Part of Merola's southern strategy was to augment his company's home season with run-out performances at the Shrine Auditorium in Los Angeles. He had been a partner in the formation of Los Angeles Grand Opera, which had a successful run from 1924 to 1931. With the opening of the War Memorial in October 1932, Merola entered into a business agreement with the Los Angeles arts impresario L.E. Behymer to present stars of the San Francisco Opera in an abbreviated season of locally produced operas. So it was that L.A. audiences heard Muzio and Borgioli in La traviata and Il trovatore and Pons in Lucia and Rigoletto just days before their War Memorial debuts. Other notable productions included The Bartered Bride with Elisabeth Rethberg and an immense Le Coq d'Or in 1934. In 1937, Merola shed all pretense of a Los Angeles company and formally established a long-running series of annual visits by the San Francisco Opera Association to the Shrine Auditorium. That first season included Lauritz Melchior and Kirsten Flagstad in Tristan und Isolde conducted by Fritz Reiner, Melchior in Lohengrin, Pons and Ezio Pinza in Lakmé, Gina Cigna and Giovanni Martinelli in Aida and Maria Jeritza in Tosca. The result was an unbroken string of yearly Los Angeles performances through 1965.

===Later years===
In 1943, Merola brought Kurt Herbert Adler to San Francisco to serve initially as chorus master; in time, he would take on additional duties as conductor, choral director and chief deputy. Adler had been Toscanini's assistant at Salzburg in 1936 and had arrived in the United States in 1938. Merola also continued to attract important new singers - often before they'd performed in other major American opera houses. Notable singers he introduced after the Second World War included Tito Gobbi, Ferruccio Tagliavini, Elena Nikolaidi, Renata Tebaldi and Mario del Monaco. In addition, he spotted and utilized West Coast talents, including lyric soprano Dorothy Warenskjold, who he discovered while conducting a Standard Hour radio broadcast at the California State Fair in Sacramento.

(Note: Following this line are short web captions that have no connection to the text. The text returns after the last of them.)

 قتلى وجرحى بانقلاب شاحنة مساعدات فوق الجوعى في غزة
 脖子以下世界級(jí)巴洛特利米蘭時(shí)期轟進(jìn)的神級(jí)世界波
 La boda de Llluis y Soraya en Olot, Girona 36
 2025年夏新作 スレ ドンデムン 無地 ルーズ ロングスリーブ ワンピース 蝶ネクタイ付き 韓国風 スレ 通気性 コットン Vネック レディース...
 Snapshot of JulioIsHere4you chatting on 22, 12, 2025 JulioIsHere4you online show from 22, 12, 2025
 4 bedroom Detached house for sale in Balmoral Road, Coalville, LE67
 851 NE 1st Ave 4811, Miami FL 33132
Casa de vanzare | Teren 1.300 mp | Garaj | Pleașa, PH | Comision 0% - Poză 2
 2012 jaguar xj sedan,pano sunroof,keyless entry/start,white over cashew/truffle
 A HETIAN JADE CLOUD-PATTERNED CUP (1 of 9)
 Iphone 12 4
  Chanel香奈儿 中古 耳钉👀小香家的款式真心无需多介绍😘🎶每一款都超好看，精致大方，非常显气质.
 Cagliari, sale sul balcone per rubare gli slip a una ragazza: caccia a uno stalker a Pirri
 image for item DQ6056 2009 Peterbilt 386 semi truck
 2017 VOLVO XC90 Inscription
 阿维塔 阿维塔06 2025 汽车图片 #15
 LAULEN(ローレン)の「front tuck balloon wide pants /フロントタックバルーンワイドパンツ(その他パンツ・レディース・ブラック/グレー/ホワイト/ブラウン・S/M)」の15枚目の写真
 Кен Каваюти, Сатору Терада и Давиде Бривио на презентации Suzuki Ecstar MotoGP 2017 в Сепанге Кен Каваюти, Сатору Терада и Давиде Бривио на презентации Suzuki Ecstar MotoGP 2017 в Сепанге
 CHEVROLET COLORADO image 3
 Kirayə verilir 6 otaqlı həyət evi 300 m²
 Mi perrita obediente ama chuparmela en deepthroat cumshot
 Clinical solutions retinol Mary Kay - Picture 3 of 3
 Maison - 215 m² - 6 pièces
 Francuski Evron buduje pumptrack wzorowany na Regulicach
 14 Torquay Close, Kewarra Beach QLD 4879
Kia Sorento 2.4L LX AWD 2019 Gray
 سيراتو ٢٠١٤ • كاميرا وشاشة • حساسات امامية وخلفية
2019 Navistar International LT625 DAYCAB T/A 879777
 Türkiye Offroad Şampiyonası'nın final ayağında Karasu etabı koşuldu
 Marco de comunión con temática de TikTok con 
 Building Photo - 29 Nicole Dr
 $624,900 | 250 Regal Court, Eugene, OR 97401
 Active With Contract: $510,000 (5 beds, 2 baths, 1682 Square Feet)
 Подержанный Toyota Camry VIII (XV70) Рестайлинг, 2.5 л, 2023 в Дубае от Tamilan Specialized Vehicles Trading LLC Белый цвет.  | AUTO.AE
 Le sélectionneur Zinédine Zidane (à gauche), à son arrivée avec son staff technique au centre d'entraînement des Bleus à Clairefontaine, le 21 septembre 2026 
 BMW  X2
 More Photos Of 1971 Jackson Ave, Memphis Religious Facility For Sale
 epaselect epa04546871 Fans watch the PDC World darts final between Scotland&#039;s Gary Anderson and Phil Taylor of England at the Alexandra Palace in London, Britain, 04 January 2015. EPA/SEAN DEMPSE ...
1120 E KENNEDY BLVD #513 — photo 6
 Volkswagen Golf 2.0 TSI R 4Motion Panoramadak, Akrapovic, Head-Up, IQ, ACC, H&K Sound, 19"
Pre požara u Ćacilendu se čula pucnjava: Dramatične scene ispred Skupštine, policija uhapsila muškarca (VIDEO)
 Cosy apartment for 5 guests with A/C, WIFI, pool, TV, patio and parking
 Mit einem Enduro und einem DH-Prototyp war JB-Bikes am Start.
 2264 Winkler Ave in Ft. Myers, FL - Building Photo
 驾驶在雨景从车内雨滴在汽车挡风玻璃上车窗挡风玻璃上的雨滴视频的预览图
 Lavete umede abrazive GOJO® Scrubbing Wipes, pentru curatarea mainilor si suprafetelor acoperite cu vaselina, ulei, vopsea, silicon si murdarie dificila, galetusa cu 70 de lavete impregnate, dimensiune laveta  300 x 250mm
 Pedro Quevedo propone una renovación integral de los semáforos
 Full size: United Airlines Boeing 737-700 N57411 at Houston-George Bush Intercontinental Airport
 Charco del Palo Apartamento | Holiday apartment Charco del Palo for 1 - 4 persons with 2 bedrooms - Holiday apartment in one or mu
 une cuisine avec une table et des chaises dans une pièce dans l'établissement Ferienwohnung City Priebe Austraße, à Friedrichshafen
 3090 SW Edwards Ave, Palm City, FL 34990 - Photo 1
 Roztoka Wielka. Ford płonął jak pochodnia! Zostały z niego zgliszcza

As his health and energy declined over the next decade, Merola turned over more and more of his duties to Adler, though he remained at the helm of the company until his death in 1953 - an impressive stewardship of 30 years.

He died while conducting an excerpt from Puccini's Madama Butterfly during a concert at Sigmund Stern Grove, an outdoor amphitheatre in western San Francisco where free summer concerts have been given since 1938.

==Merola Opera Program==
Upon succeeding Merola as general director, Kurt Herbert Adler established the San Francisco Opera's training program for gifted singers and directors during the 1954–55 season. In 1957, the program was officially named the Merola Opera Program in honor of the company's founder and longtime general director, Gaetano Merola. The Merola Opera Program provides intensive training, coaching and master classes for eleven weeks every summer with established professionals in the various operatic fields, and its many graduates have gone on to important careers in opera.